NTTとNECが描く「新メイドインジャパン」とは、2030年までにO-RANで世界シェア20%へ
通信技術で5Gやその次の6Gまで見据えた研究開発の資本業務提携を交わし、中長期的なアライアンスを組んだNTTとNEC。お互いのノウハウや技術を融合させたオープンアーキテクチャで、垂直統合モデルが幅を利かせる世界市場に打って出るという。NTTの澤田純社長とNECの新野隆社長が描く「新メイドインジャパン」とは何か。記者会見の一問一答から見えてくる。
――NTTがあえて出資した理由について。
NTTの澤田社長(以下、敬称略) 両社の協業は中長期の共同研究開発になる。両社間で連携した開発をスムーズに進めるために出資した。(NECの株式の)5%弱になるが、出資を増やしていくことが目的ではない。
――なぜ相互で出資する形ではないのか。
澤田 開発した後の役割分担はオペレーターとメーカーでクリアに分かれているため、双方で出資するほどではなかった。

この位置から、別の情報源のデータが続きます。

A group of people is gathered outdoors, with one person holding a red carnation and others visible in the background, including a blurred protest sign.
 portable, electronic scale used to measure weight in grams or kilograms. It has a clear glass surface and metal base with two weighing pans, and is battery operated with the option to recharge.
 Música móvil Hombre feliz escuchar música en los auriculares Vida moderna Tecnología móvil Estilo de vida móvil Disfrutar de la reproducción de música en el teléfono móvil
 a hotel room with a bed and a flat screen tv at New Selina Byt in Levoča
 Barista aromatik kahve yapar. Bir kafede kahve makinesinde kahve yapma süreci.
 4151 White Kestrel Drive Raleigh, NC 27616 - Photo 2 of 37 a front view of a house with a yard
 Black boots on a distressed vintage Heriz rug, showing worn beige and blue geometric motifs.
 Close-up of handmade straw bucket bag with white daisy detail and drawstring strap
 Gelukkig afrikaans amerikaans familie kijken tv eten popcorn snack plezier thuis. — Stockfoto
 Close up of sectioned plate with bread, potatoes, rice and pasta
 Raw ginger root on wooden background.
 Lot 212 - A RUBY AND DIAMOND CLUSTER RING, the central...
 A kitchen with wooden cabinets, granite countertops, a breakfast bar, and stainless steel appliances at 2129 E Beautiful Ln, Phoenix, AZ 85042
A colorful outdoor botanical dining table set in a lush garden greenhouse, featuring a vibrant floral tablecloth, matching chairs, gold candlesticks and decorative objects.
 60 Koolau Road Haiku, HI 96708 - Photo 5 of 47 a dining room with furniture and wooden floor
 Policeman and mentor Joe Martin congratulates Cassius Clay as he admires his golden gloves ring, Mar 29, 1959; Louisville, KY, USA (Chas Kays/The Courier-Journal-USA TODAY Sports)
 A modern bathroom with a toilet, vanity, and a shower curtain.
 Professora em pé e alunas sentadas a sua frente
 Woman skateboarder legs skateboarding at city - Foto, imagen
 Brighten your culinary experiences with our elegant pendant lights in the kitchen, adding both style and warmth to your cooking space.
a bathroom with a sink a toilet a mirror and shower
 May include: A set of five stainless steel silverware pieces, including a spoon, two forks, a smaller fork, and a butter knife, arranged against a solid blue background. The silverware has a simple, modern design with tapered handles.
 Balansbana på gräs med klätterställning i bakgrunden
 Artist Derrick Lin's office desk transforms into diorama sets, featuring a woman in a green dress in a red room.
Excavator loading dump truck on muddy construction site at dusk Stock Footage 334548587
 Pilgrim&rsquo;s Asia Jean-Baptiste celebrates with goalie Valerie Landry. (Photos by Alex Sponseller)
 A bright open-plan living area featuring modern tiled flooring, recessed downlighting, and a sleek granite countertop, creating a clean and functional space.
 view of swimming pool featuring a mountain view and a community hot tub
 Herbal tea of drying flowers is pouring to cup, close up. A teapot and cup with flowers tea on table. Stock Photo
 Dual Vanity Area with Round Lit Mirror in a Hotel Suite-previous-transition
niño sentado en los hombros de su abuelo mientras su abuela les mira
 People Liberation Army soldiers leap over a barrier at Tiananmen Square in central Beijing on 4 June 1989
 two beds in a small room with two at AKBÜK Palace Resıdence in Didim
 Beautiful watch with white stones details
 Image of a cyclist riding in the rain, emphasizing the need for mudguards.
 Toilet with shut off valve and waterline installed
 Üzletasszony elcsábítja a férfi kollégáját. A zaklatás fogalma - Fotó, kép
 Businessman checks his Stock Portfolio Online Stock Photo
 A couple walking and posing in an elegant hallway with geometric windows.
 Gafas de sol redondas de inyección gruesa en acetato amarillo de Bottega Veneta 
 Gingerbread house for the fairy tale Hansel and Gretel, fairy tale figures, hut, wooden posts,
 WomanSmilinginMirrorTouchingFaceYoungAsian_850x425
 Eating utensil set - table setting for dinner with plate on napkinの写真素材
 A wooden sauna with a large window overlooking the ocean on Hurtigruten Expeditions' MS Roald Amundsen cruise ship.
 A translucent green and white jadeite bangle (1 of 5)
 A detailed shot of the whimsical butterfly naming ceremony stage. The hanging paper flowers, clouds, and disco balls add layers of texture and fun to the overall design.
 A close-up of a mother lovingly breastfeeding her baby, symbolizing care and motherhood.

NECの新野社長(以下、敬称略) 5%の出資を受ける上で(NECの)経営を尊重していただける。また、資金の使い方に特に制約はないが、製品開発に投資をしていく上でうまく活用していきたい。もともとわれわれが掲げていた政策保有株式は、原則ゼロという会社方針にも合致する。
――世界情勢と今回の提携の関係について。
澤田 現在の垂直統合で動いているキャリアとメーカーの関係を、よりフレキシブルに、できればキャリア主導に変えていきたい。そこで、O-RANというオープンアーキテクチャを提唱している。キャリアのNTTとメーカーのNECが組むという、世界にもない新しいモデルになり、世界市場でシェアをとっていけると考えている。米中関係がきつい状況になっていく可能性がある中で、世界で通用する日本発の付加価値の高い製品システムを一緒につくっていく。新メイドインジャパンといったのは、そういうことだ。
――米国のファーウェイに対する追加制裁があったが、両社のサプライチェーンにおける経済安全保障上の位置づけについて。また、日本政府からの後押しはあったのか。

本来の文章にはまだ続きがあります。